A few years later, the AKC followed in the footsteps of the AHBA and in 1990 began a herding test and trial program of its own.
So at that time, there were quite a number of people in the US that were interested in learning more about their dogs' historical use as herding dogs, but were not necessarily people who had sheep of their own. In addition, many breed clubs wanted to establish that their breeds did still retain their working ability and wanted to encourage people to work their dogs. The Briard Club of America was one of several AKC member clubs to establish a herding program to meet these goals. The BCA offers several herding instinct tests every year (one is usually held in conjunction with the national specialty in August) for the benefit of those who would like their dogs to be exposed to livestock. The BCA confers the title HC (Herding Certified) to dogs who demonstrate appropriate desire to control the stock. The BCA has also published a description of the working style of the breed for the benefit of instinct testers who may not be familiar with Briards.

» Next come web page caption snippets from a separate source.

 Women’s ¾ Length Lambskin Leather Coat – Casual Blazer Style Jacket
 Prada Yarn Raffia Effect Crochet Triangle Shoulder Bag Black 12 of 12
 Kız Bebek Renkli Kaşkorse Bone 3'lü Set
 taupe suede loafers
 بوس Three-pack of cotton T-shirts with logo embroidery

The growing availability of herding trials open to all breeds, and the number of people who had been to an instinct test and wanted to learn more, created a demand for herding trainers. So people who lived in the country who knew about training herding dogs started offering lessons to people who didn't have their own livestock. Many of those herding with Briards in the United States fall into this class of people, termed "hobby herders"; yet a growing number are acquiring livestock of their own. Briards are now serving as stockdogs on at least a half-dozen US farms, and the number continues to grow.
Generally speaking, American herders have found their Briards to retain a high degree of ability and to be competitive in both arena and boundary-style trials, even against dogs like Border Collies, Australian Shepherds, Australian Cattle Dogs and Australian Kelpies (the breeds most often used by American farmers). As US handlers continue to increase in skill and number, and as we learn to breed selectively to enhance herding ability, our competitiveness in the trial arena will continue to grow.
Finally, let's not forget how herding appears from the dog's point of view. As a puppy learns about sheep, he will learn about the larger world as well. And a tending dog will certainly have his views on the three R's of tending as well.